• Collected data entries
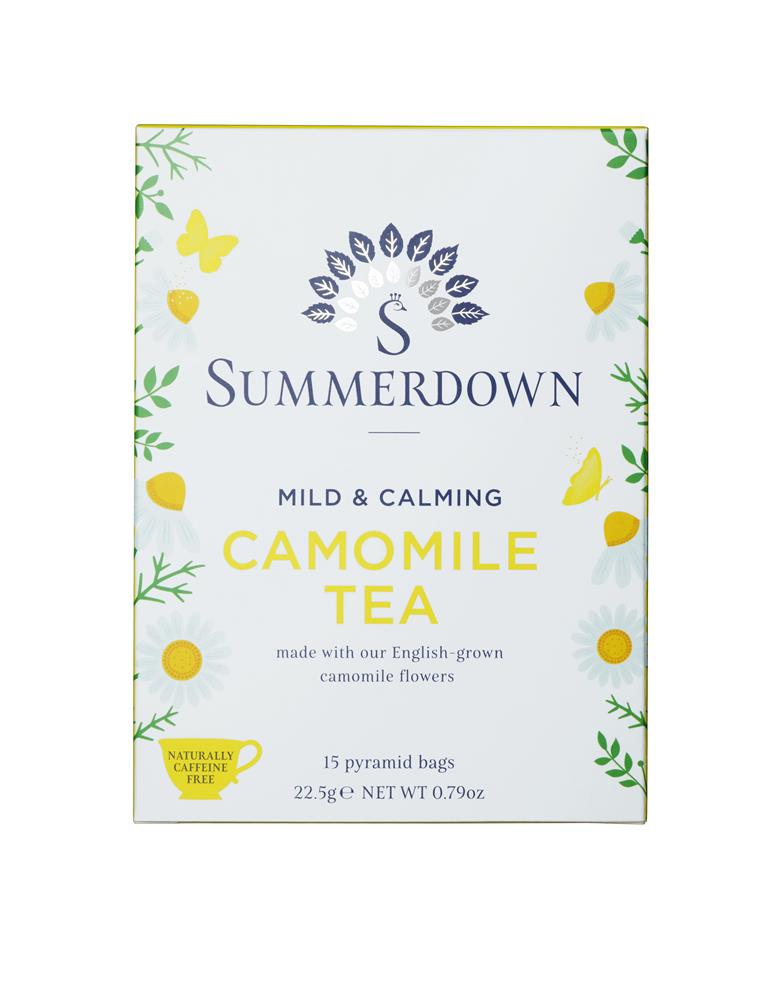 English Camomile Tea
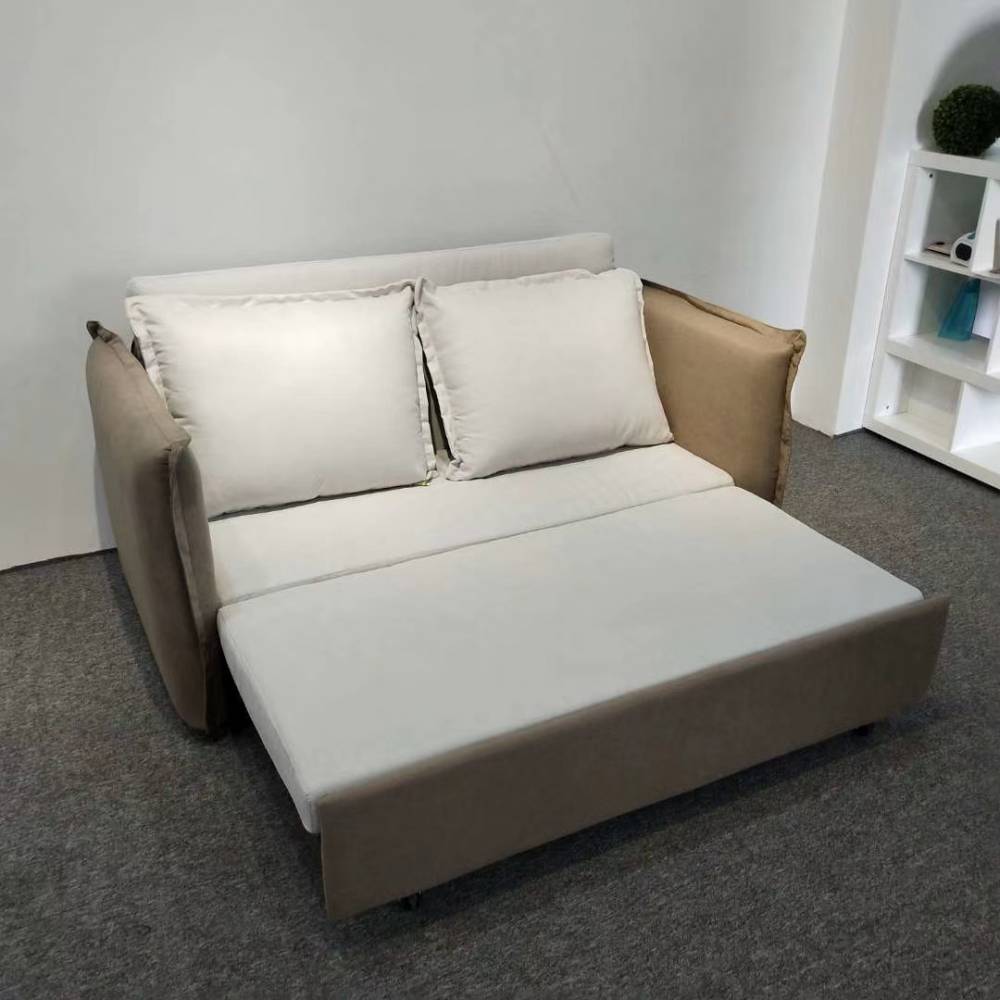 酒店公寓民宿伸缩沙发床储物沙发床二人位折叠沙发床定制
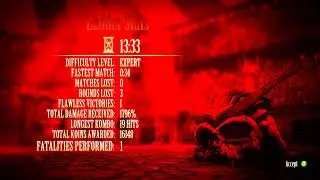 Mortal Kombat 9 Деремся и комбим)
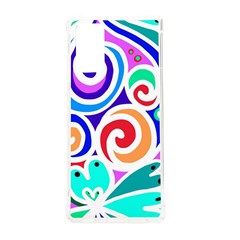 Crazy Pop Art - Doodle Circles   Samsung Galaxy Note 20 Tpu Uv Case by ConteMonfrey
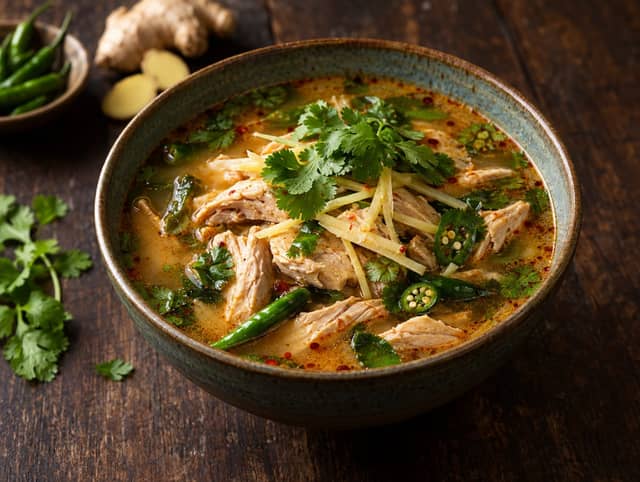 Chicken Thai Soup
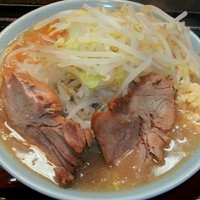 「とんこつ野菜ラーメン（並 650円）＋ニンニク」@町田 大勝軒の写真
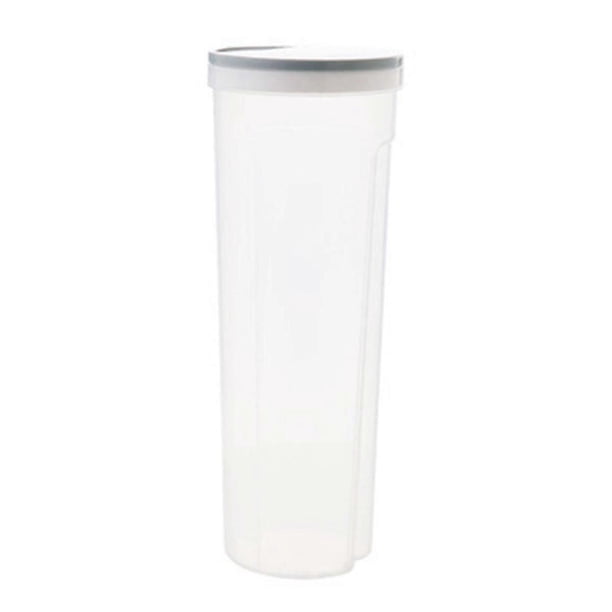 PP Tall Food Storage Spaghetti Noodle Pasta Container with Locking Lid Clear Dry Food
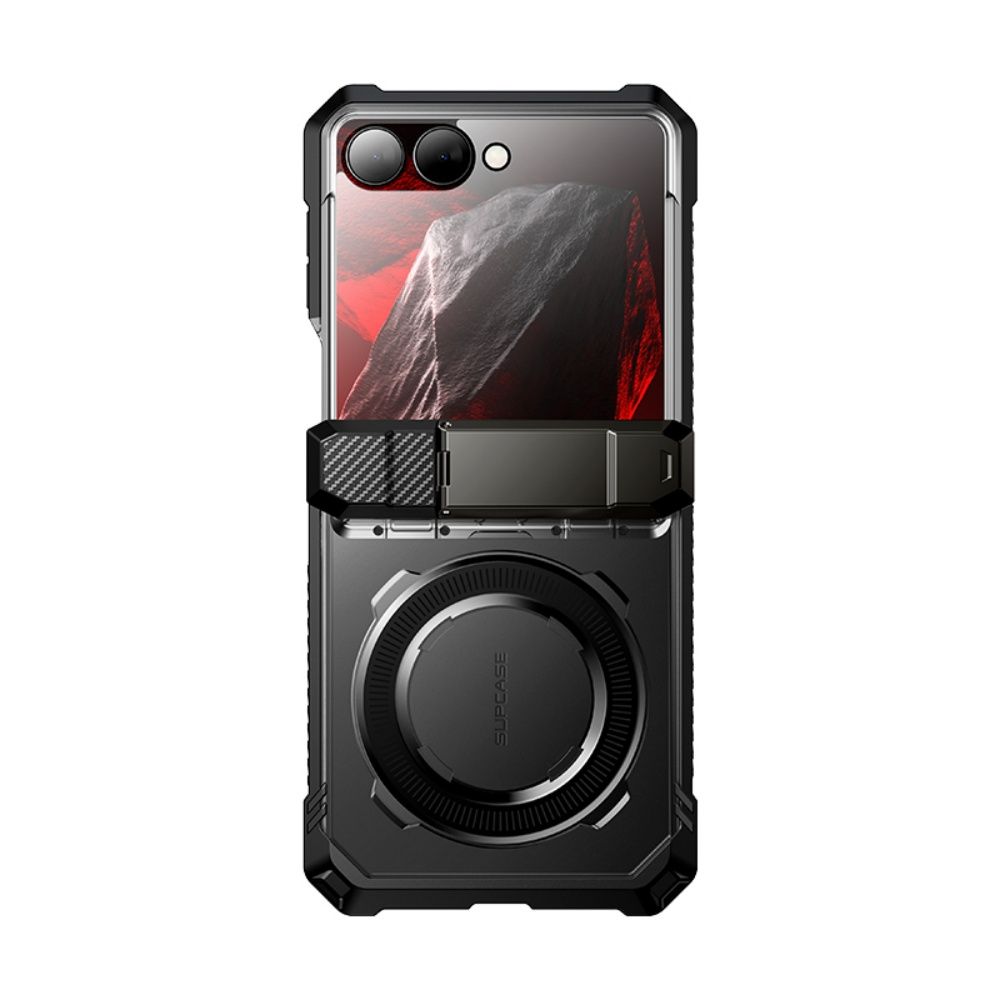 coque samsung galaxy z flip 8 ub grip mag magsafe supcase noir
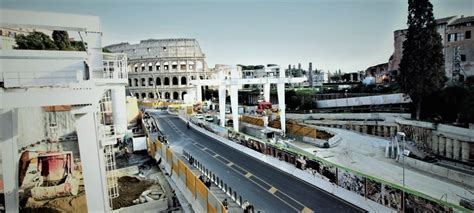 ROMA METRO C Stazione Fori Imperiali Aggiornamento Marzo 2019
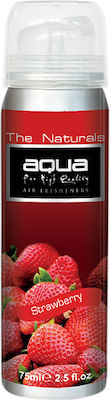 Aqua Αρωματικό Σπρέι Αυτοκινήτου The Naturals Strawberry 75ml
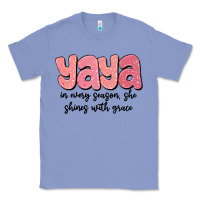 Colony Blue yaya in every season, she shines with grace Classic Tee - MaliasSmallBusiness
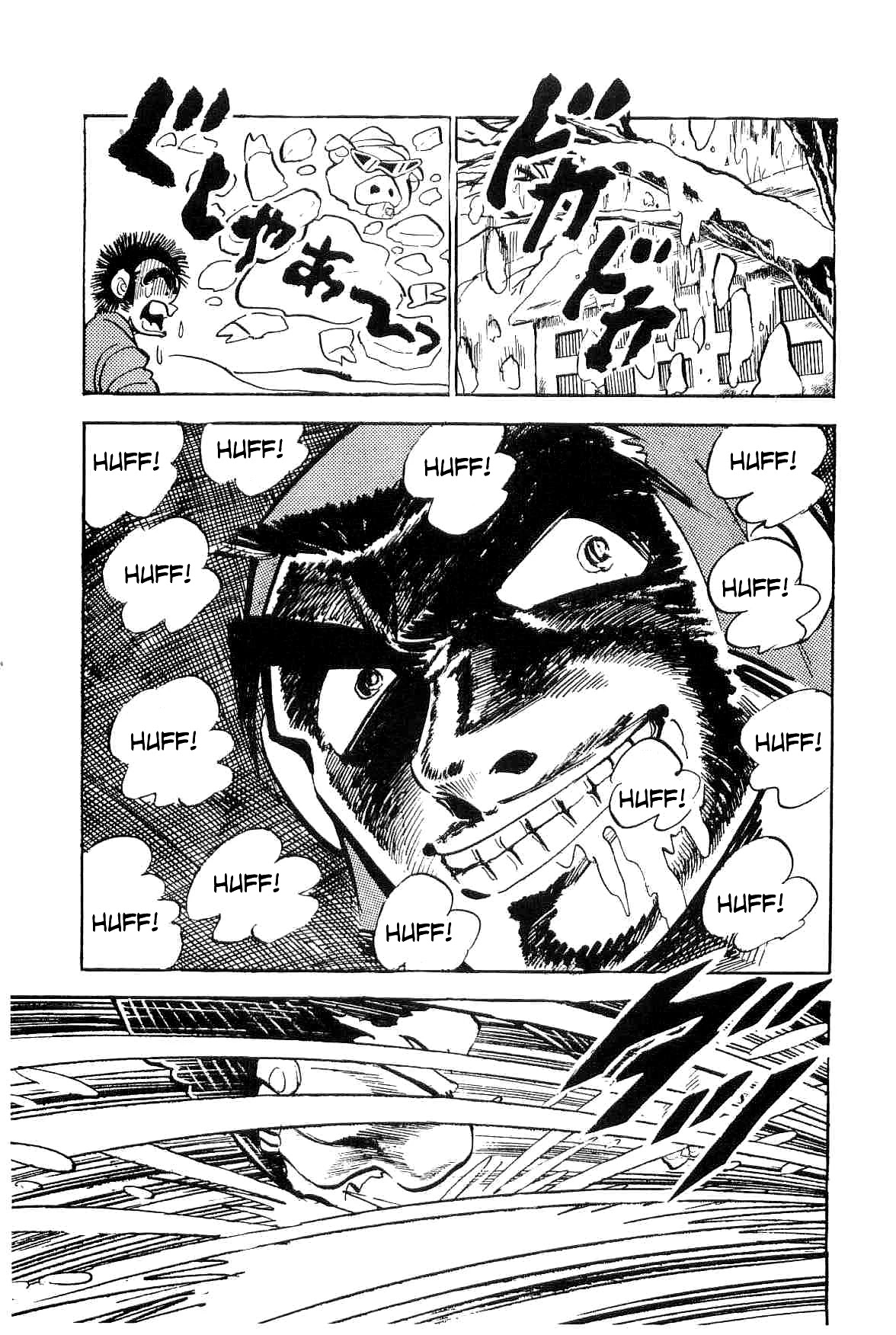 Rage!! The Gokutora Family chapter 12 page 8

• Task to complete
Drop the images and quote the entries word for word.

• Exercise answer
 English Camomile Tea
 酒店公寓民宿伸缩沙发床储物沙发床二人位折叠沙发床定制
 Mortal Kombat 9 Деремся и комбим)
 Crazy Pop Art - Doodle Circles   Samsung Galaxy Note 20 Tpu Uv Case by ConteMonfrey
 Chicken Thai Soup
 「とんこつ野菜ラーメン（並 650円）＋ニンニク」@町田 大勝軒の写真
 PP Tall Food Storage Spaghetti Noodle Pasta Container with Locking Lid Clear Dry Food
 coque samsung galaxy z flip 8 ub grip mag magsafe supcase noir
 ROMA METRO C Stazione Fori Imperiali Aggiornamento Marzo 2019
 Aqua Αρωματικό Σπρέι Αυτοκινήτου The Naturals Strawberry 75ml
 Colony Blue yaya in every season, she shines with grace Classic Tee - MaliasSmallBusiness
 Rage!! The Gokutora Family chapter 12 page 8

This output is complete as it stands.